In a bold move from December 2-8, 2024, MicroStrategy, under Michael Saylor, scooped up 21,550 BTC for $2.1 billion, pushing total holdings to a whopping 423,650 BTC—over 2% of Bitcoin’s supply. Despite Bitcoin flirting with $100K, MicroStrategy’s stock took a 4% dip as BTC slipped below $98K. With $9.19 billion left from share sales and a $42 billion Bitcoin goal by 2028, Saylor’s crypto crusade continues, keeping analysts on their toes and investors intrigued.

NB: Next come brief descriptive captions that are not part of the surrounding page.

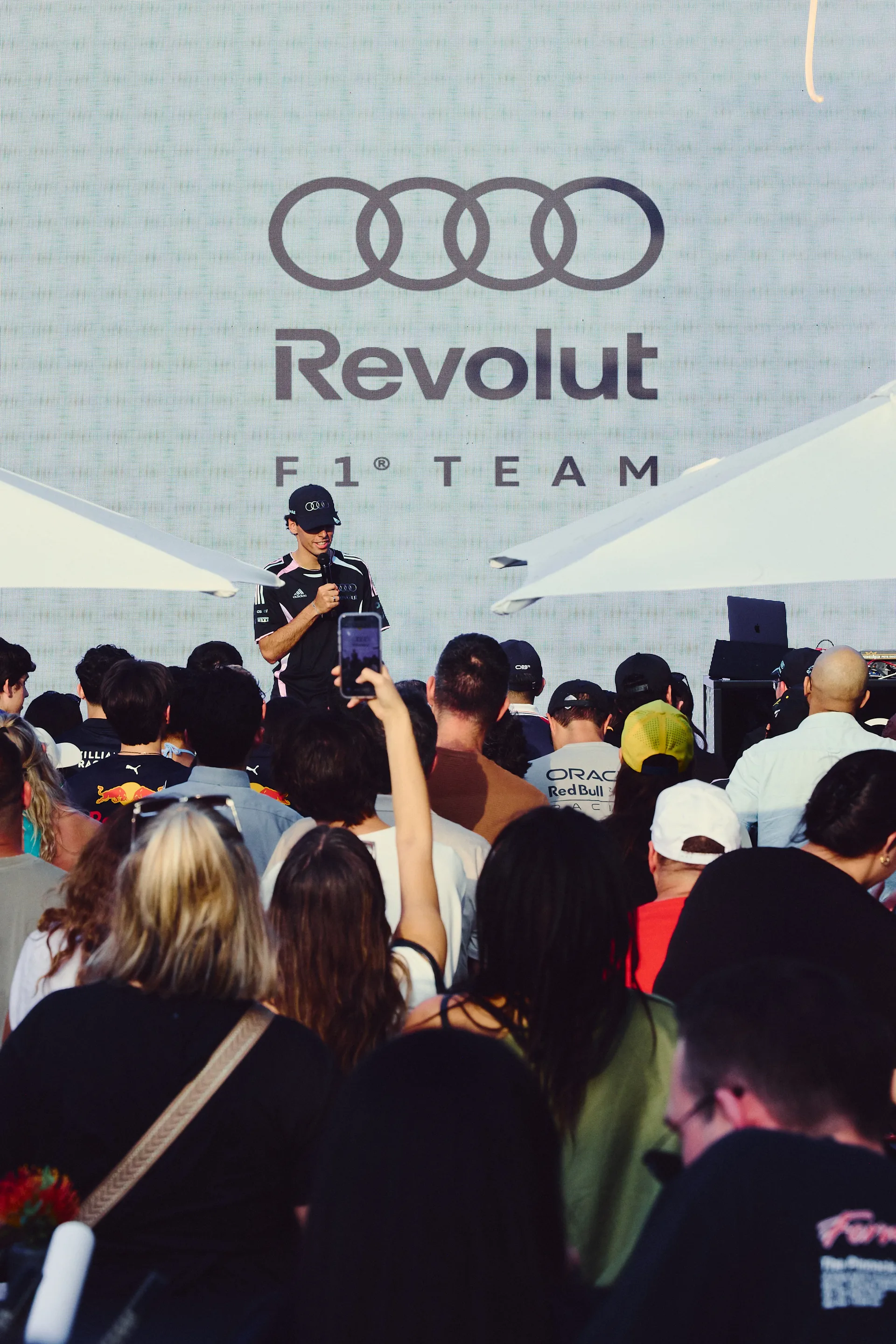 Audi Revolut F1® Team driver Gabriel Bortoleto addresses a large crowd on stage during Miami activation, with fans filming and reacting in front of branded backdrop.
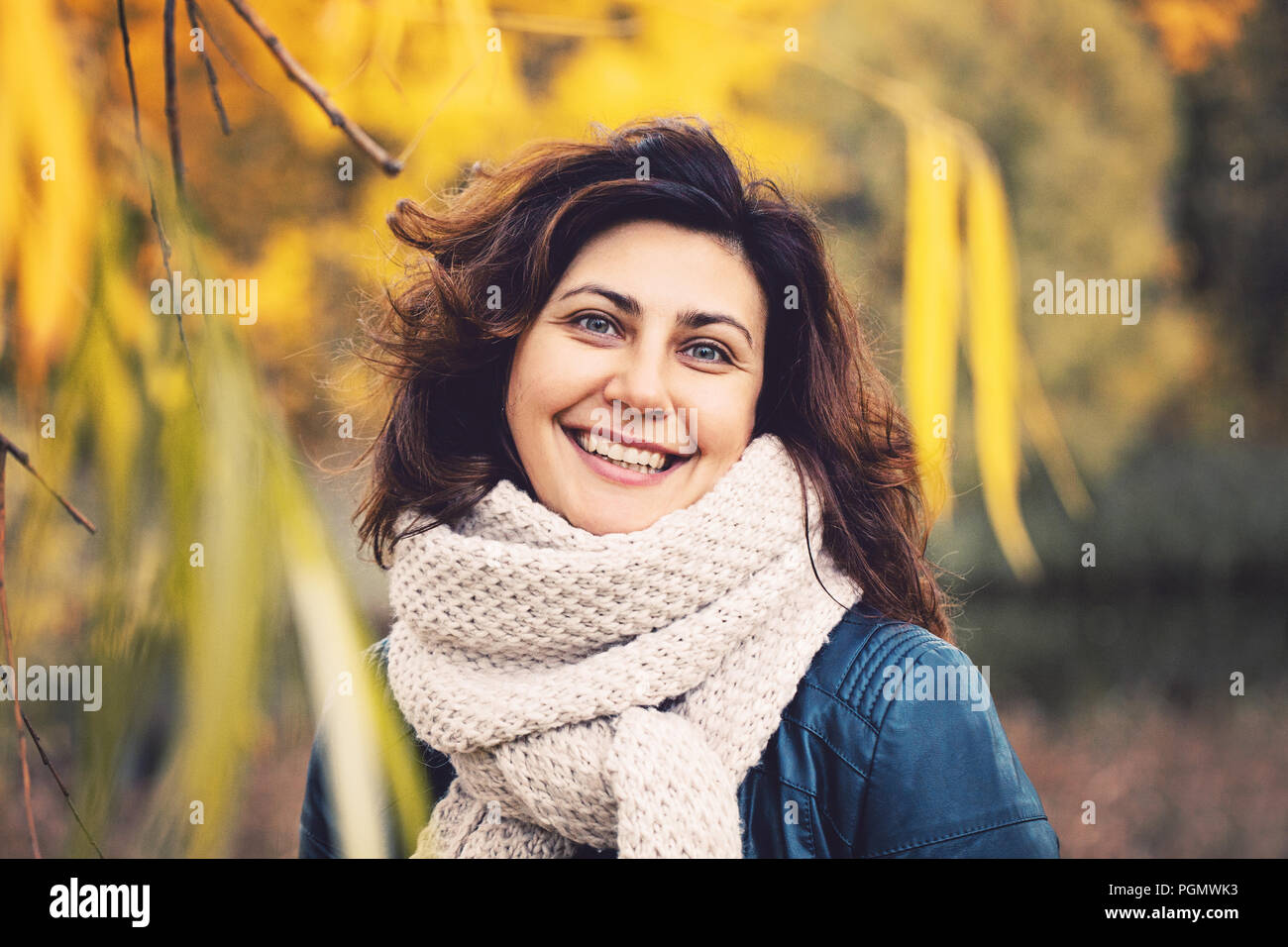 Autumn portrait of cute smiling woman outdoors Stock Photo - Alamy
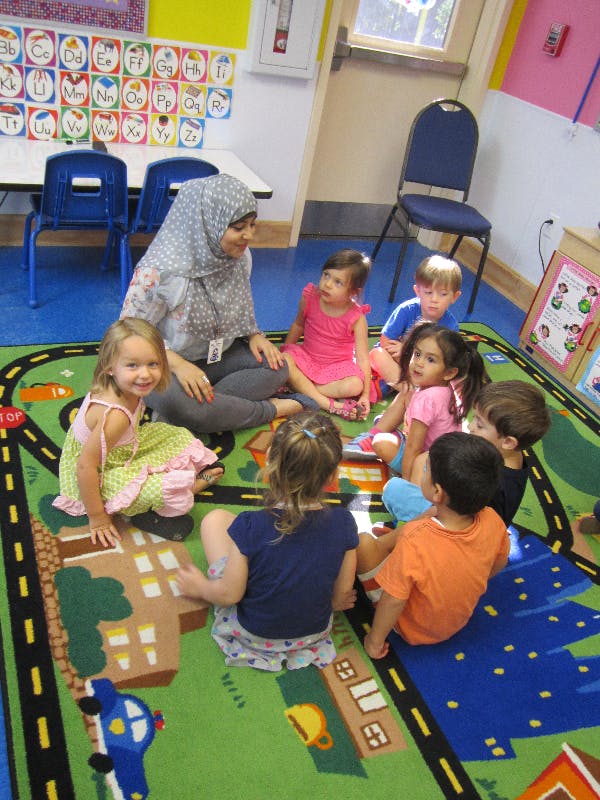 Adult and children sitting on a rug in a classroom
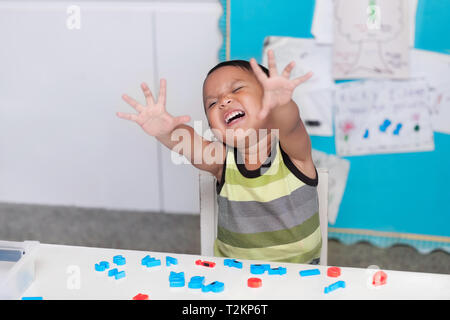 Ispanico giovane ragazzo che esprimono o dirompente comportamento disordinato in una classe con lettere dell'alfabeto manipulatives sulla scrivania. Foto Stock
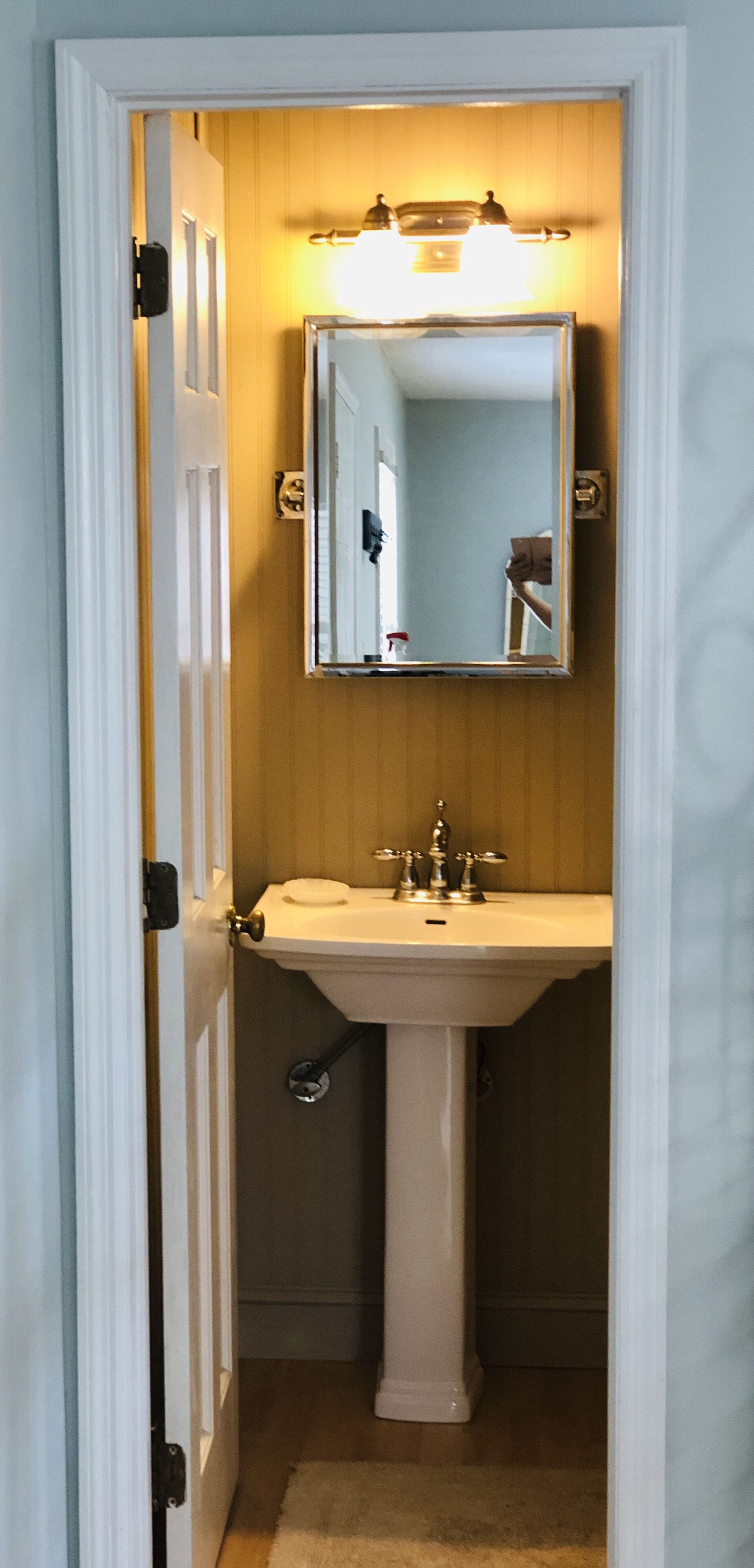 Une salle de bain avec un lavabo blanc, un miroir et un luminaire placé au-dessus du miroir.
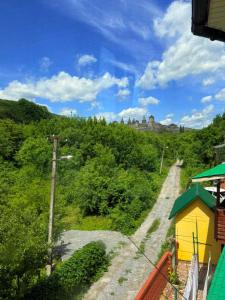 a train traveling down a dirt road through a forest at Садиба Каньйон in Kamianets-Podilskyi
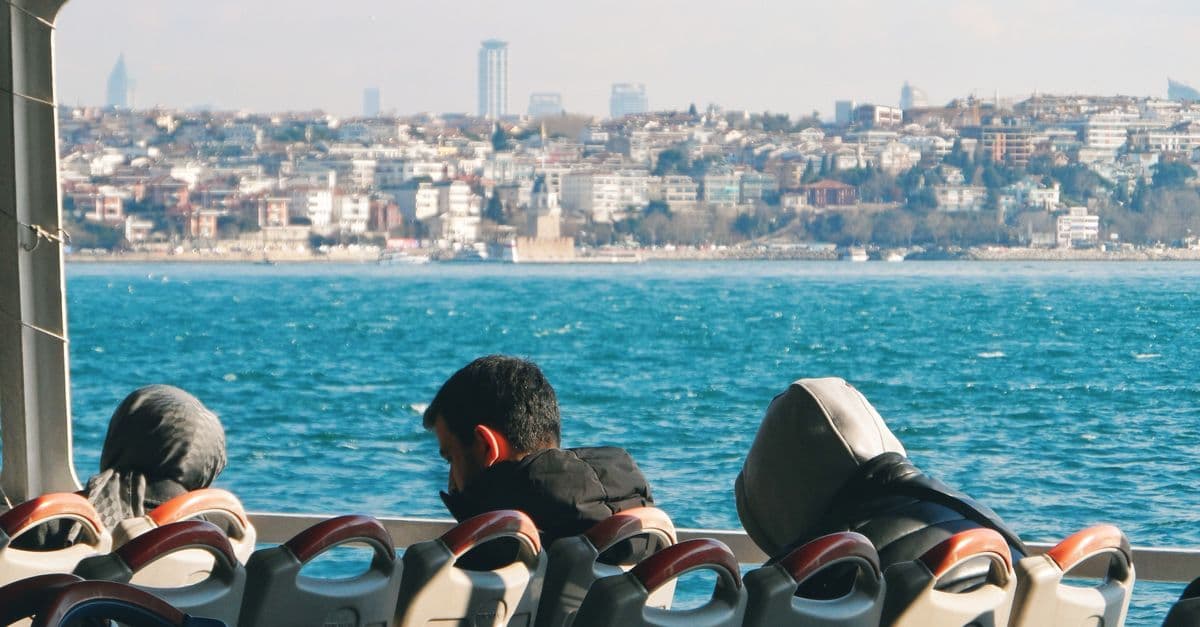Fahrgäste auf einer Fähre über den Bosporus blicken auf die Häuser von Istanbul.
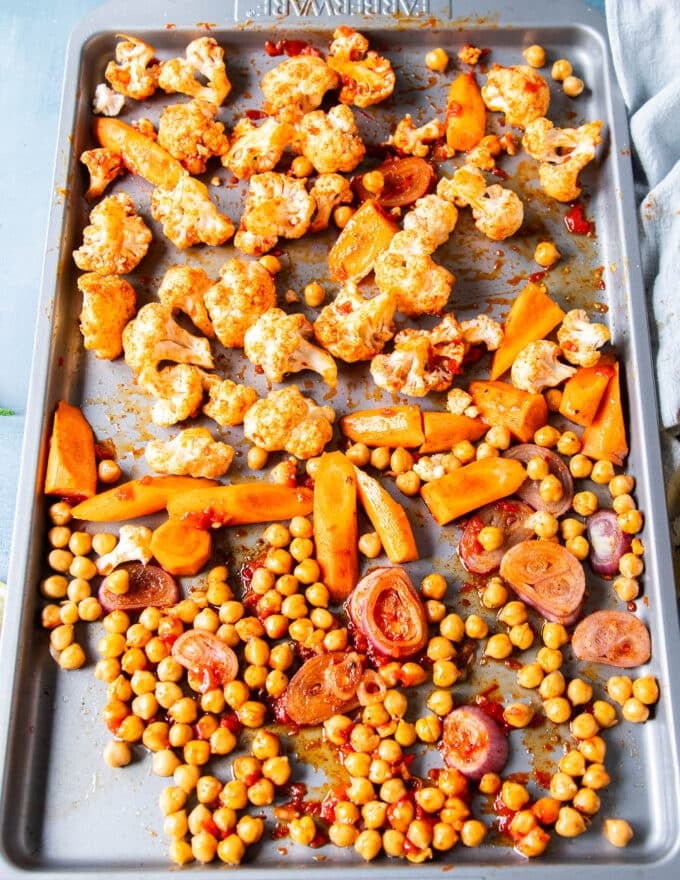 Seasoned veggies on a baking sheet ready to roast to make cauliflower salad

In a cosmic surprise, NASA has unveiled seven new "dark comets," doubling the known tally to fourteen. These enigmatic objects blur the line between asteroids and comets, split into hefty outer dark comets with wild, eccentric orbits, and petite inner dark comets cruising in near-circular paths closer to the Sun. Originating likely from the asteroid belt between Mars and Jupiter, these dark comets might just be Earth's hidden water delivery service. Stay tuned as we unravel their icy secrets!
The James Webb Space Telescope has thrown a cosmic curveball by reaffirming the Hubble Space Telescope's measurements of the universe's expansion rate—72-73 km/s/Mpc versus the standard 67-68 km/s/Mpc. This persistent Hubble tension suggests our cosmological models might need a rewrite. Nobel laureate Adam Riess and his team are delving into mysterious dark energy or novel matter forms to solve this universal puzzle. Looks like the cosmos enjoys keeping us on our toes!
In a shocking turn away from solar panels and wind turbines, Microsoft, Google, and Amazon are embracing nuclear power to fuel their AI-hungry data centers. Microsoft plans to resurrect the Three Mile Island reactor as the Crane Clean Energy Center by 2028, supplying 835 MW of carbon-free energy. Meanwhile, Google and Amazon are betting big on small modular reactors (SMRs), aiming for deployment by 2030. As AI’s energy appetite soars from 3% to a projected 9% of US power by 2030, these tech titans are literally lighting the way.
Microsoft AI CEO Mustafa Suleyman forecasts artificial general intelligence (AGI) by 2034, citing current hardware like Nvidia’s GB200s as insufficient. He emphasizes the need for next-gen AI chips to achieve systems that excel across diverse human tasks. Suleyman also champions creating AI companions that genuinely assist users, contrasting with OpenAI’s Sam Altman’s more optimistic timelines. As Microsoft and OpenAI navigate their partnership’s tensions, the AGI race blends ambition with pragmatic tech challenges.
In December 2024, Google CEO Sundar Pichai announced that the era of effortless AI scaling has hit a plateau. With models like Gemini facing diminishing returns, industry leaders Google, OpenAI, and Anthropic are pivoting to innovative algorithms and multimodal strategies. Despite the slowdown, Pichai remains optimistic about breakthrough advancements by 2025, envisioning more accessible and job-friendly AI. Looks like it's time to get creative beyond just throwing more data at the problem!